The AT will already have UI input commands for most of the above functions, but probably not for changing to higher/lower levels of granularity. Let's assume ATs add that and in response the AT would call the handler to change the mode of granularity. The AT will handle the UI commands and in turn call the handler to return an item at the current level of granularity. The AT would have told the handler about the output mode, e.g. Braille or TTS. Armed with those three things: level of granularity, mode of output, and which item (first, last, previous, current, next), the handler knows what to do.
In the case of editable content, the UA provides the input UI for the
user. This editing capability would most likely be provided via a plugin. We need an example of such a plugin so we can evaluate what a11y features need to be added to the existing editors.
Issues, Questions and Concerns
- braille - capitalized "b" or lower-case "b"?
- in what order should the use cases be listed?
- are speech input and speech output a single use case?
- Are there terms in mathematics, for example, that can be used to define each level of granularity? If not is it sufficient to just increment/decrement the level? (question retained from Pete Brunet's original draft)

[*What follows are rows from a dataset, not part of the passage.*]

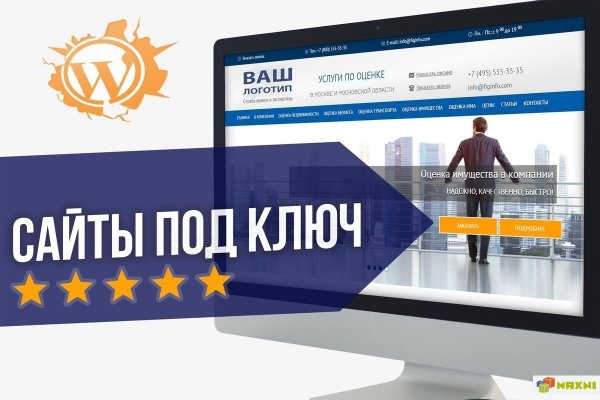 Кракен тор ссылка сегодня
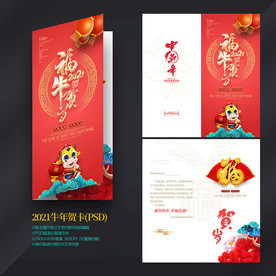 牛年贺卡 2021贺卡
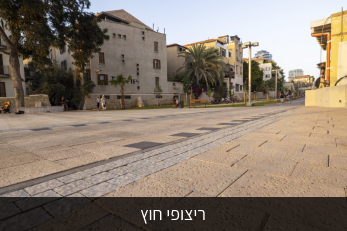 לעמוד ריצוף חוץ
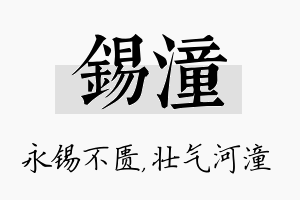 锡潼名字的寓意及含义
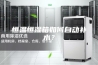恒温恒湿箱如何自动补水？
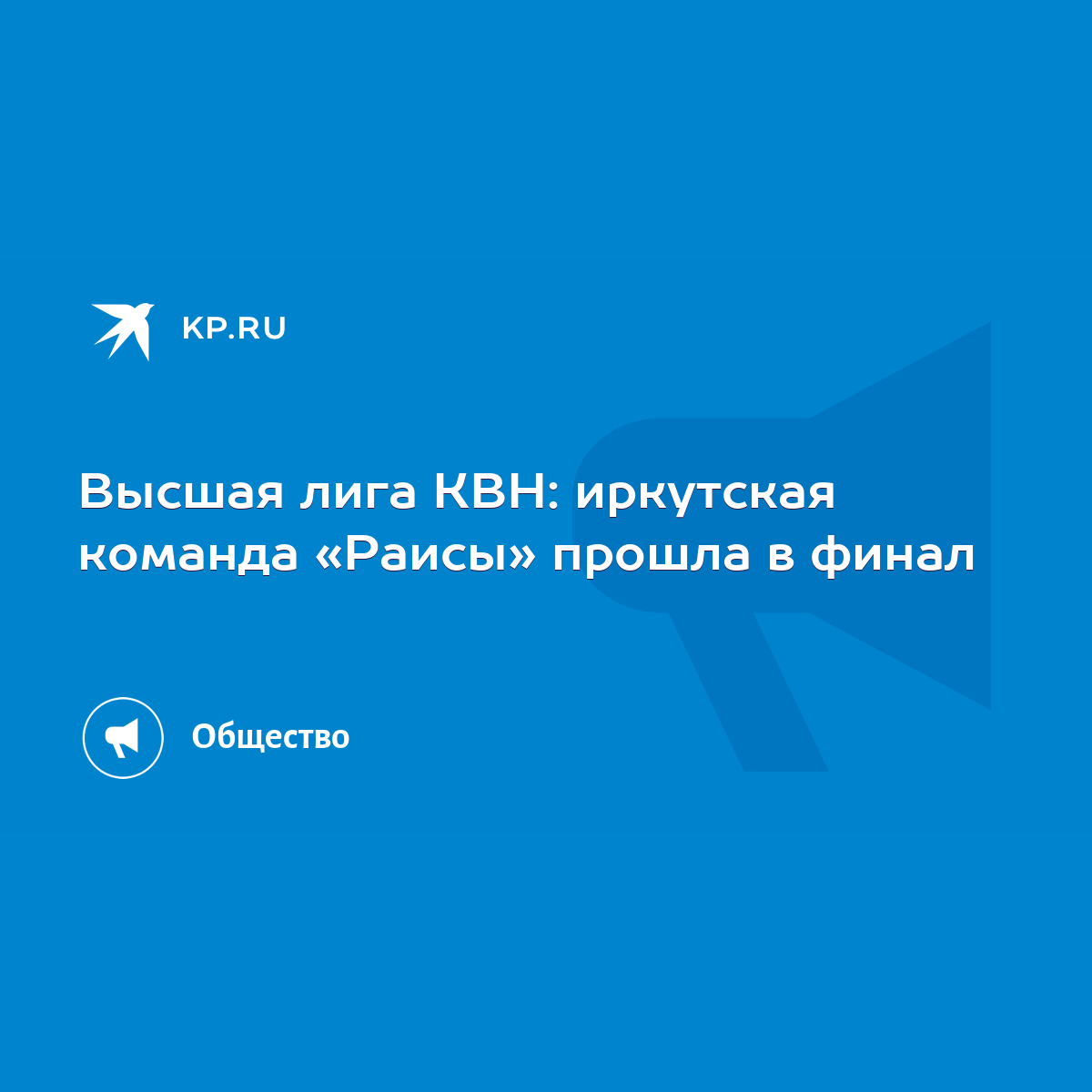 Высшая лига КВН: иркутская команда «Раисы» прошла в финал - KP.RU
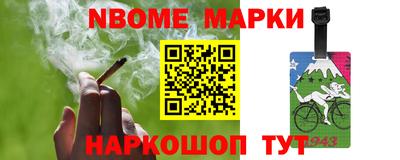 амфетамин Можайск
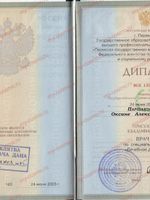 doctor-certificate-0
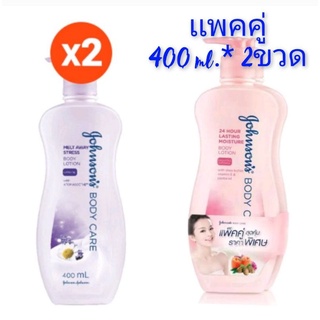 สินค้า โลชั่นจอห์นสัน บอดี้เเคร์ (400 ml.*2ขวด) Johnson body Care Lotion ผิวนุ่มชุ่มชื้น 24 ชม.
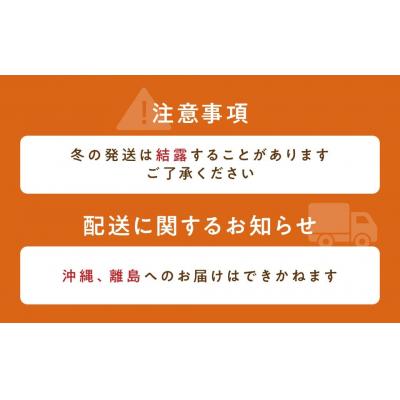 ふるさと納税 大空町 【先行予約】玉ねぎ Mサイズ 20kg 大空町産(2026年10月上旬より発送)の画像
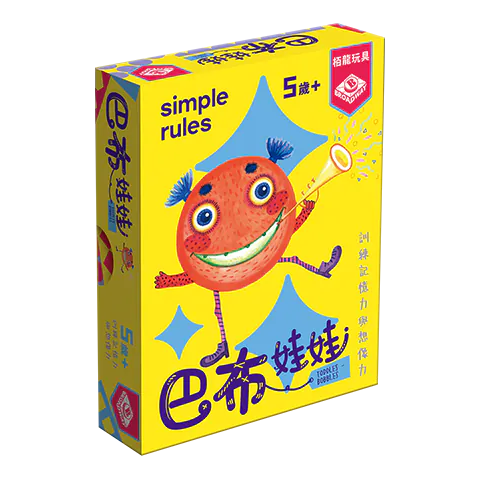 Toddles Bobbles 巴布娃娃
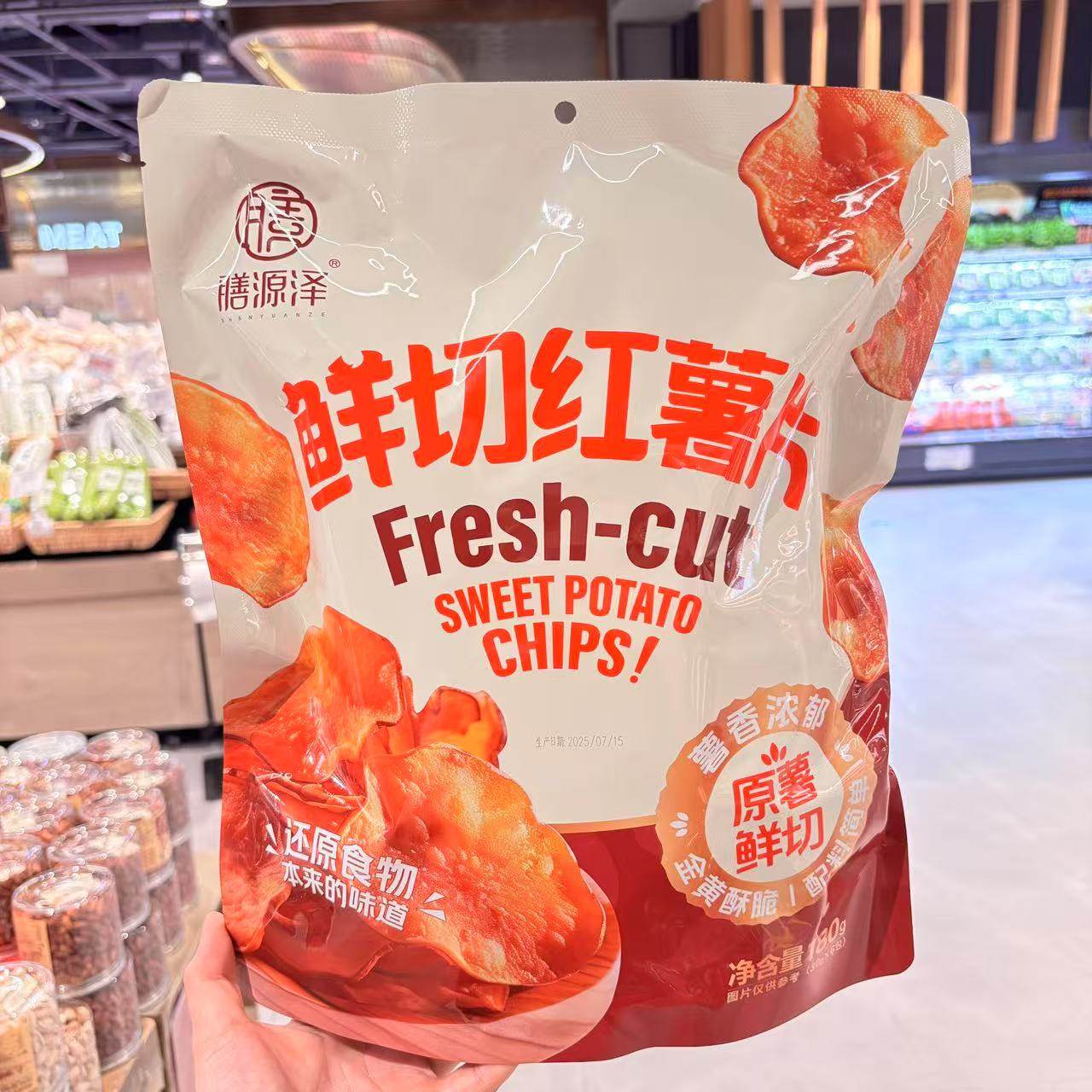 ole超市膳源泽鲜切红薯片原薯鲜切180g6小包入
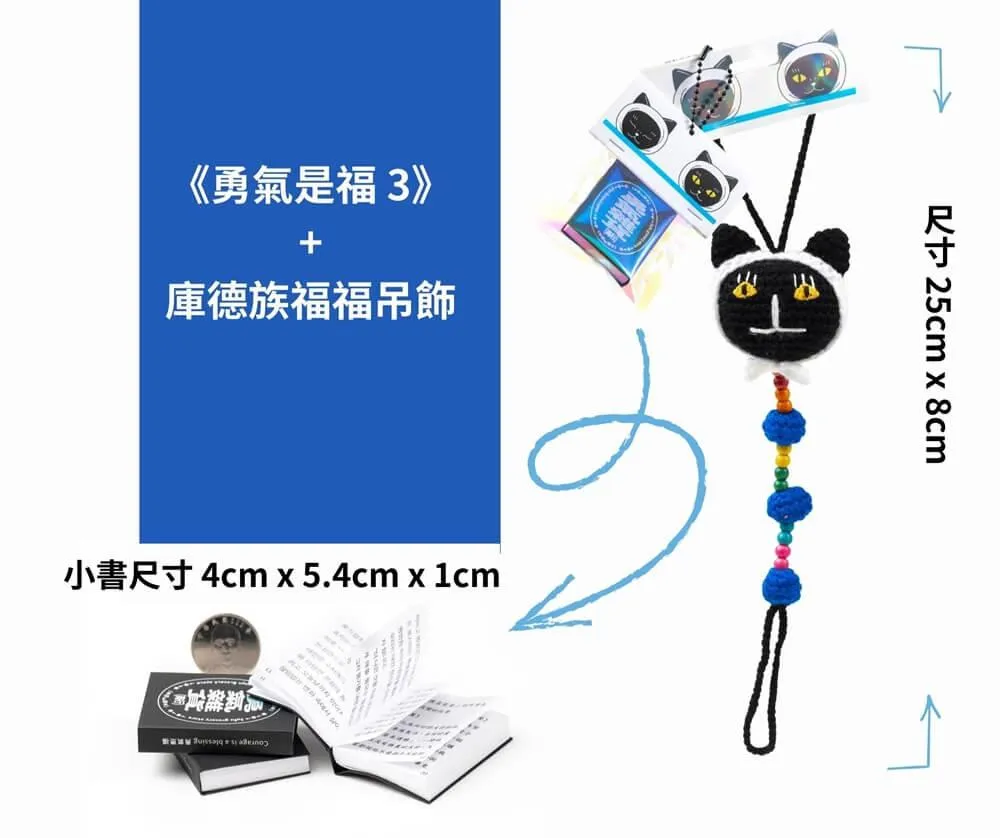 《勇氣是福3》＋庫德族福福吊飾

- How does one distinguish between identical characters used in a specific specialized markup dialect for multiple purposes? How does a human communicate the difference to a machine, verbally and non-verbally? An inquiry into the granularity levels of each major discipline for which a markup language has been defined will have to be made.
- Is it possible to broaden/generalize discipline-specific conventions of granularity? is it possible to use the International Scientific Vocabulary (ISV) -- the successor to Interlingua -- for this purpose? how widely used is ISV in educational and research settings?